JA: Well that is the name of the game right? Specifically with this tour with Clutch, I think you guys are a great fit. How did that come about, for you guys to get on this tour?
MH: We toured with Clutch and The Sword last year. Basically, we are friends with The Sword, and Kyle[Shutt] is our manager, and he was trying for us.
WE: We asked him to nudge [Clutch] a bit, asked him to give them our music. He told them they needed to see us play, so when they came through Houston, they had us play one show with them. Next thing we knew we were going out on tour with them.
Jim Gilbert: Actually, the room we are in, The Sword once set off all the fire alarms and they claimed they were only using a vaporizer.

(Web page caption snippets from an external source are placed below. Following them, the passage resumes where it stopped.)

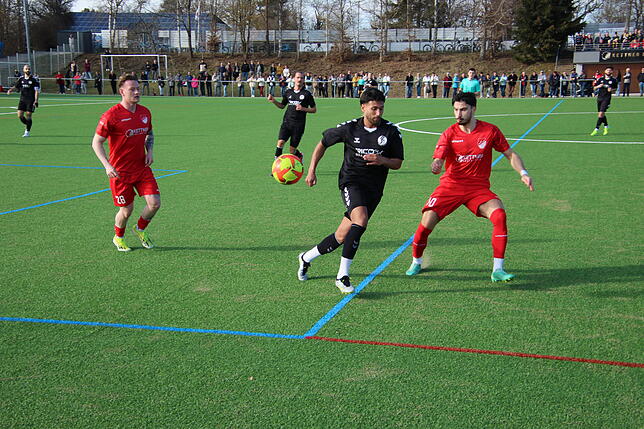 Bild 4: Die besten Bilder vom Landesliga-Verfolgerduell FC Pfaffenweiler gegen SC Konstanz-Wollmatingen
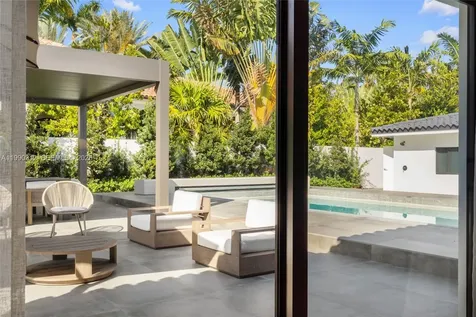 116 W 1st Court Miami Beach FL 33139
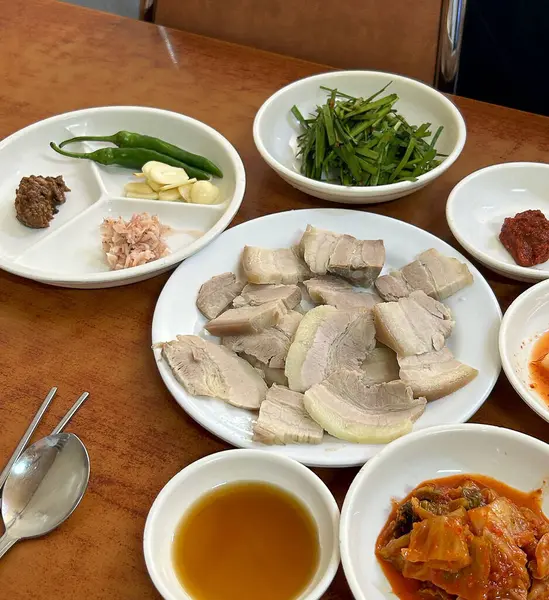 Lezzetli Asya yemeklerinin yakın görüntüsü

MH: [laughs] This has happened a couple of times being on tour with The Sword actually. Once, on tour with Clutch and The Sword, Clutch was playing and the fire alarms started going off–
WE: Yeah, that place was in Athens, Georgia (The Georgia Theatre), and it had burned down years before, so everyone in the place was freaking out thinking it was burning down again
JA: Thats hilarious, I’ve met those guys and they seem like fun dudes. Speaking of the future, you guys are coming back to Upstate Concert Hall opening up for GWAR. It’s the first tour without Dave [Brockie] too. How did that tour come about?

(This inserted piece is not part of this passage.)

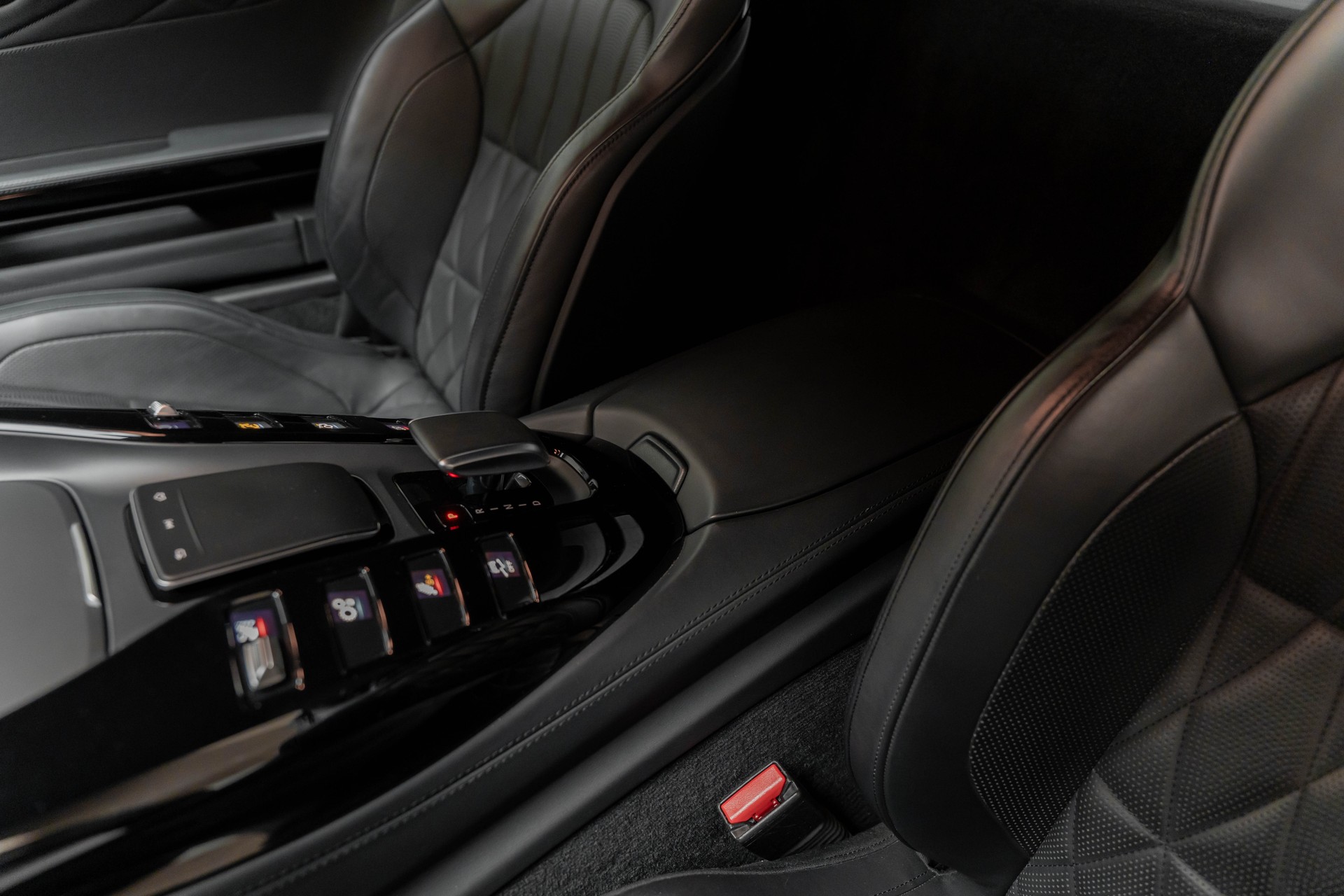 MERCEDES-BENZ AMG GT Speedshift DCT | Night Edition-image-13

WE: I don’t really know! Our booking agent submitted us, and it just happened.
JA: Well that is going to be an awesome tour, and I’ll be back to see you guys then.
MH: Yeah, we can’t wait.
JA: So, right before this, you wrapped up a tour with The Whores, and now Clutch, and then GWAR. How many shows a year do you think you play?
WE: Probably over 200.
JA: That is living the dream. Are you predominantly touring the U.S.?
WE: Yes, just U.S. so far.
JA: Is there anything on the horizon for other countries?
MH: Nothing set in stone. We have things we are working on, but nothing we can talk about yet.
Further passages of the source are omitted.